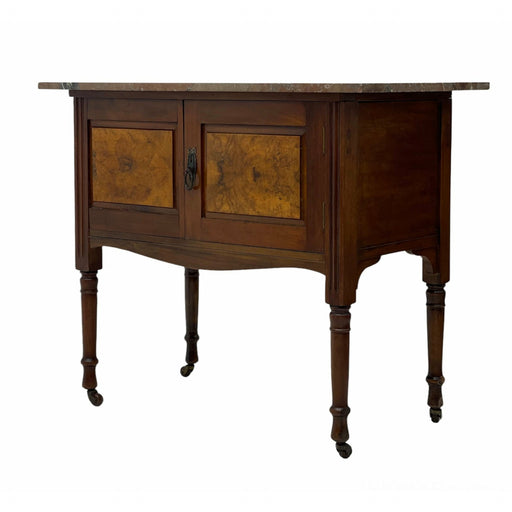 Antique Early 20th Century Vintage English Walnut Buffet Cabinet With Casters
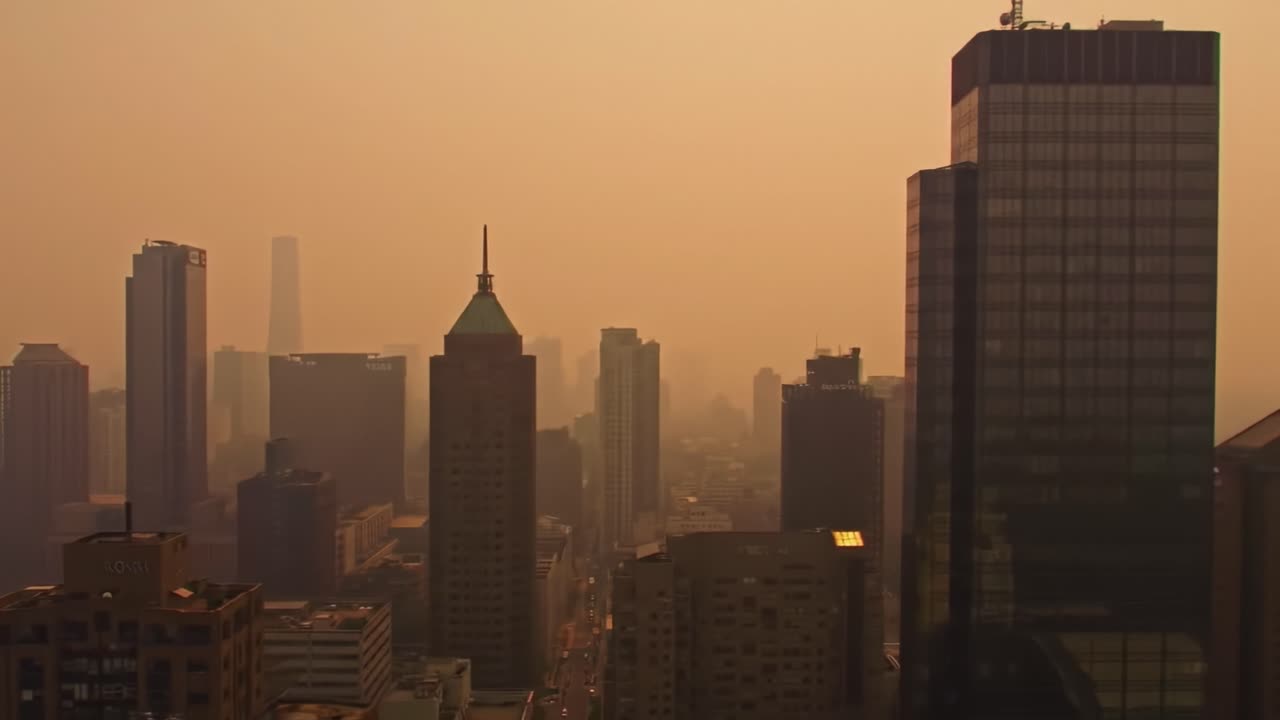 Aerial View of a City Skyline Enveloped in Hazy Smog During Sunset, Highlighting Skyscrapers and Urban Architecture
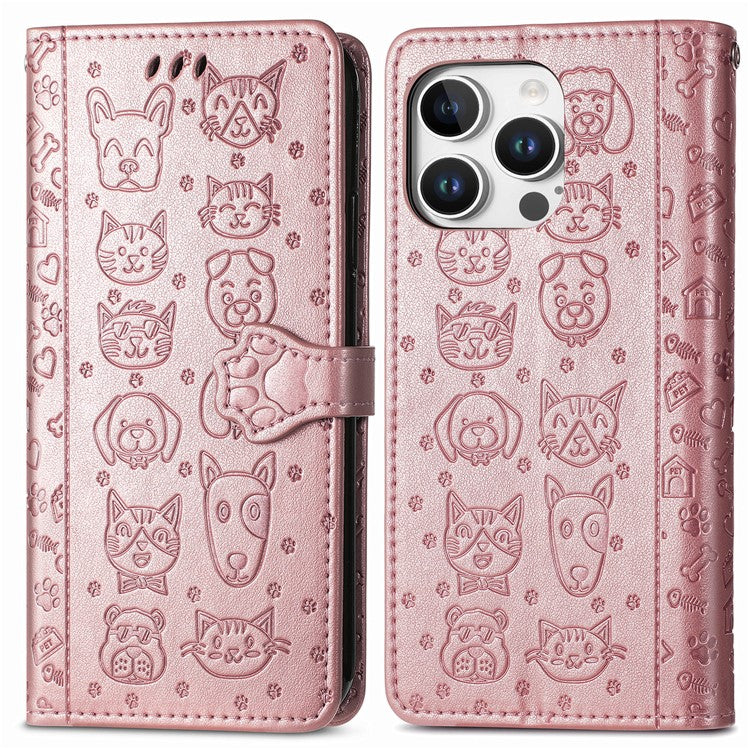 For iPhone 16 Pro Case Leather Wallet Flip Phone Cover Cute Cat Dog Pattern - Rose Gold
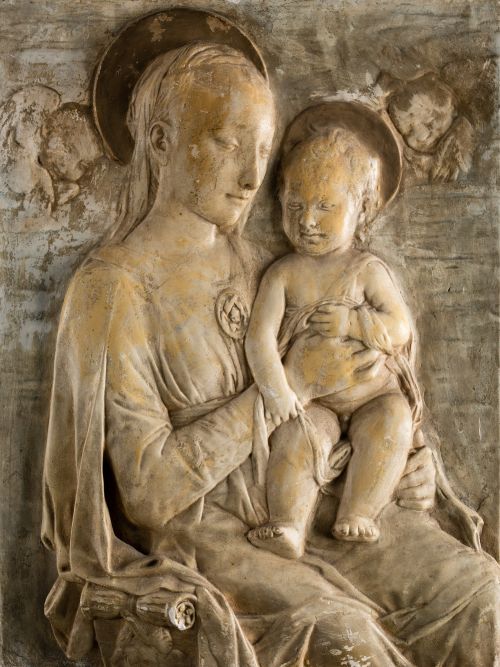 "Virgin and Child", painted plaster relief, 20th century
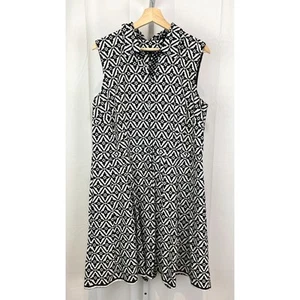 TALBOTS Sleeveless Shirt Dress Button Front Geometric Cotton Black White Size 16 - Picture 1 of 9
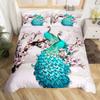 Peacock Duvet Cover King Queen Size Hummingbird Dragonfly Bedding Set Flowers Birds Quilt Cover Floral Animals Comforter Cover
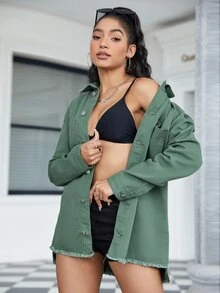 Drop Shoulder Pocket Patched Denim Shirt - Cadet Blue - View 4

...

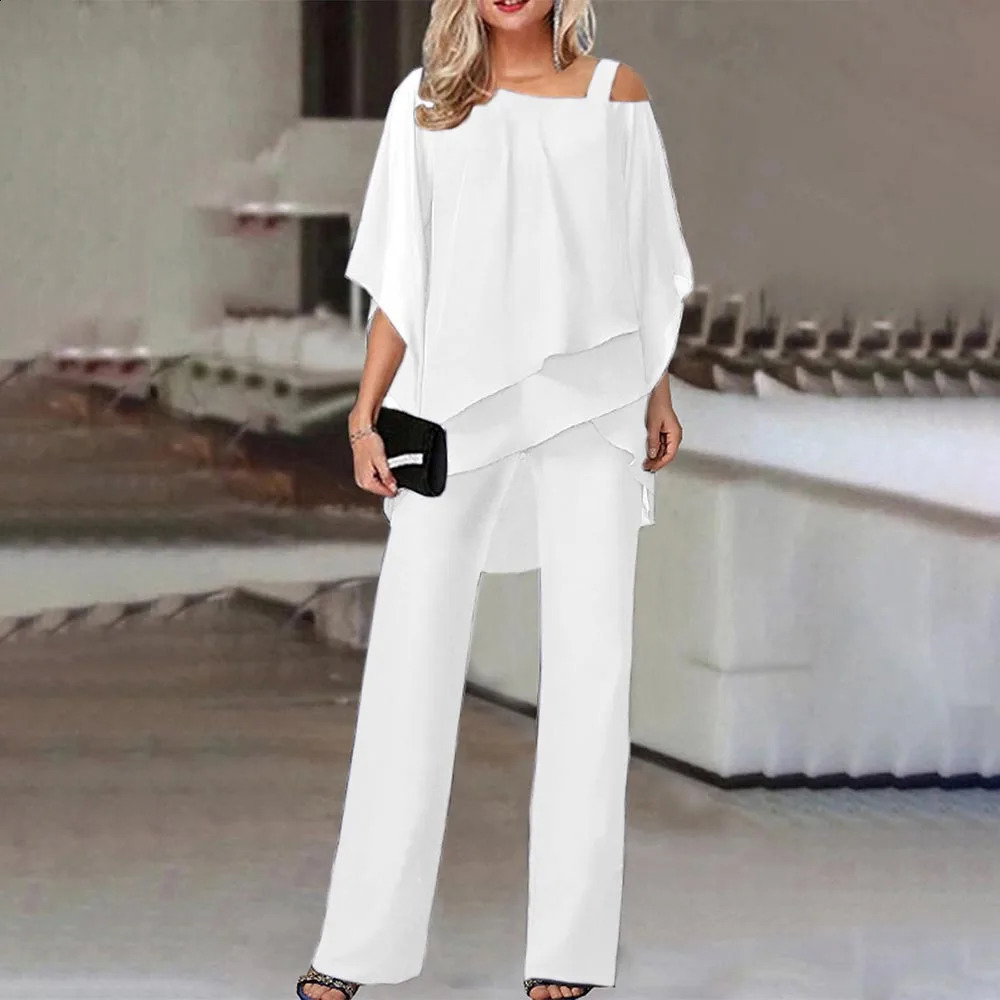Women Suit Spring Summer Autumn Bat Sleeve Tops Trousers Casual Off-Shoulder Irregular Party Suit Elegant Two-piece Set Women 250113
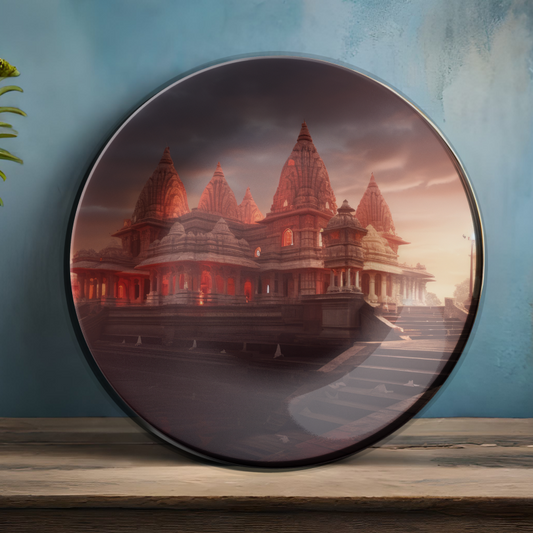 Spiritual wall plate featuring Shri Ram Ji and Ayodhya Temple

...

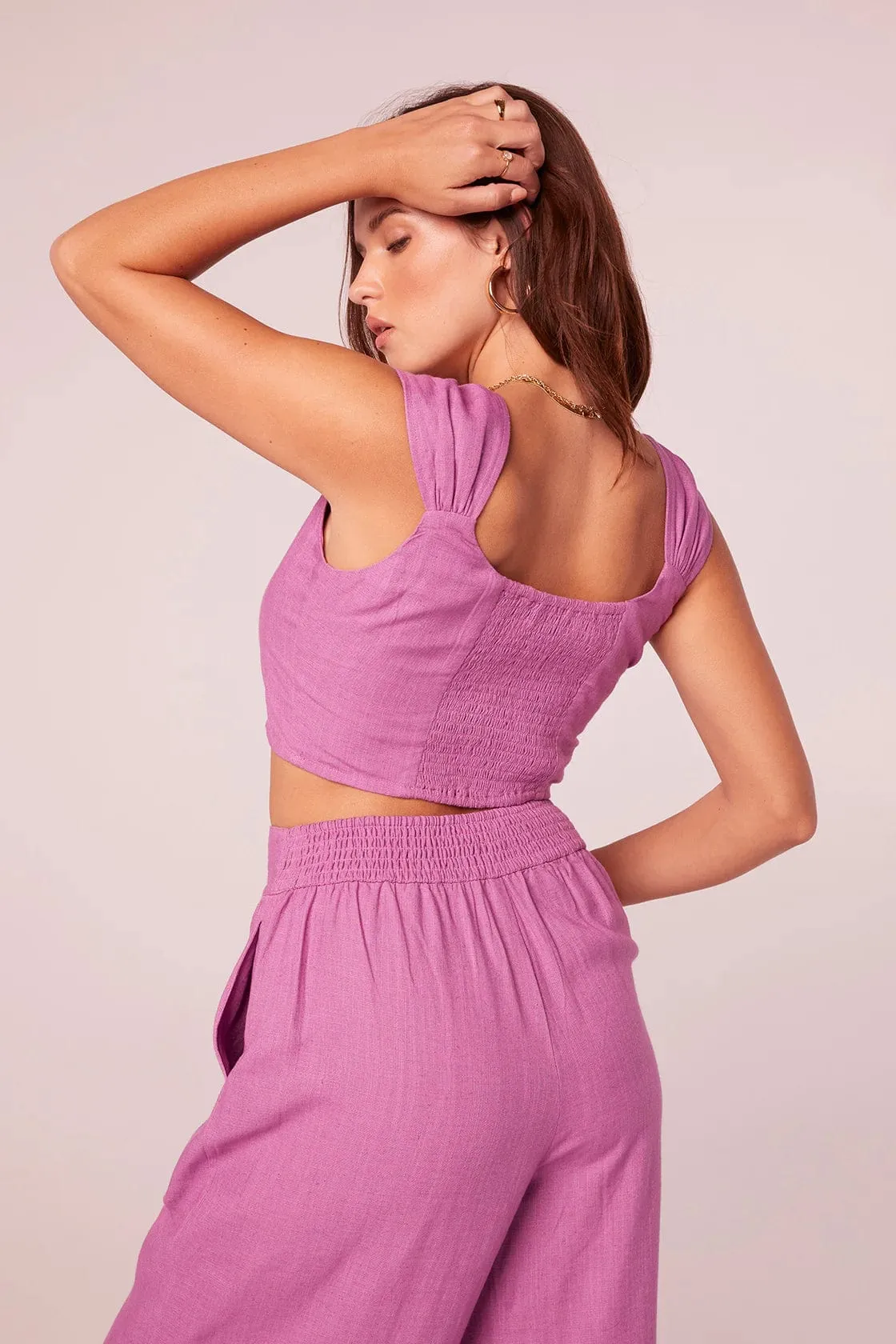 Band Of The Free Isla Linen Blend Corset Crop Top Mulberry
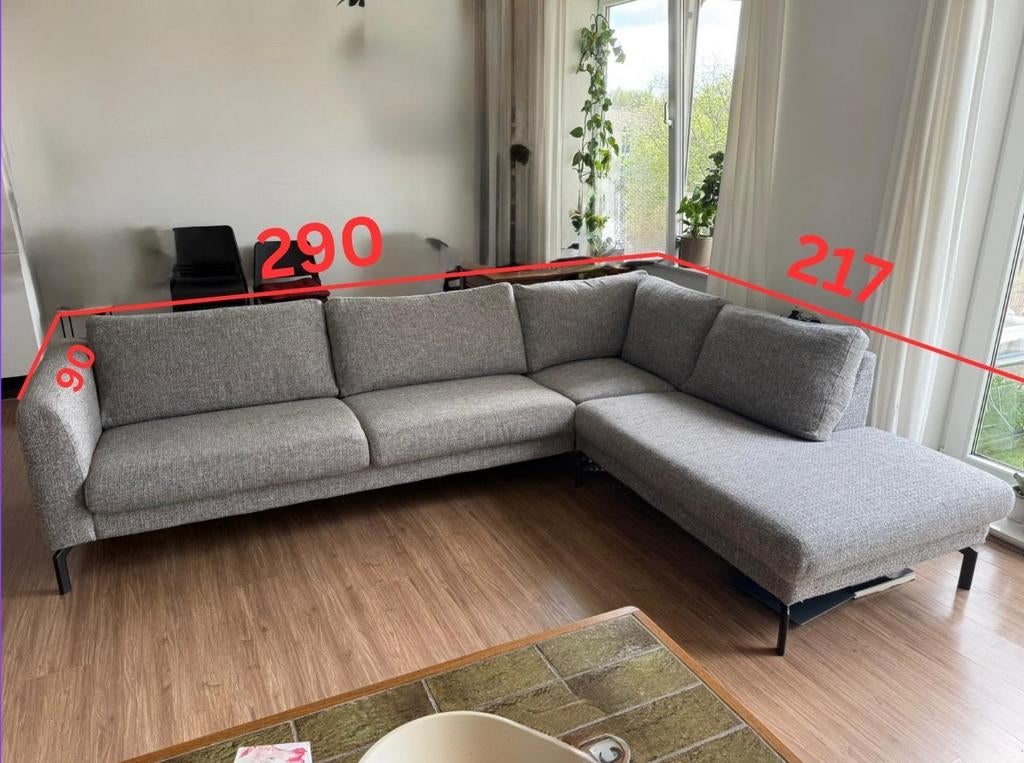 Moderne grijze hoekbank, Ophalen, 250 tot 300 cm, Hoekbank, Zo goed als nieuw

Problem description – Restate the lines above from the one containing "For iPhone 16" through the one containing "Drop Shoulder Pocket", inclusive, exactly and without pictures.

Written response –
 For iPhone 16 Pro Case Leather Wallet Flip Phone Cover Cute Cat Dog Pattern - Rose Gold
 "Virgin and Child", painted plaster relief, 20th century
 TALBOTS Sleeveless Shirt Dress Button Front Geometric Cotton Black White Size 16 - Picture 1 of 9
 Peacock Duvet Cover King Queen Size Hummingbird Dragonfly Bedding Set Flowers Birds Quilt Cover Floral Animals Comforter Cover
 Drop Shoulder Pocket Patched Denim Shirt - Cadet Blue - View 4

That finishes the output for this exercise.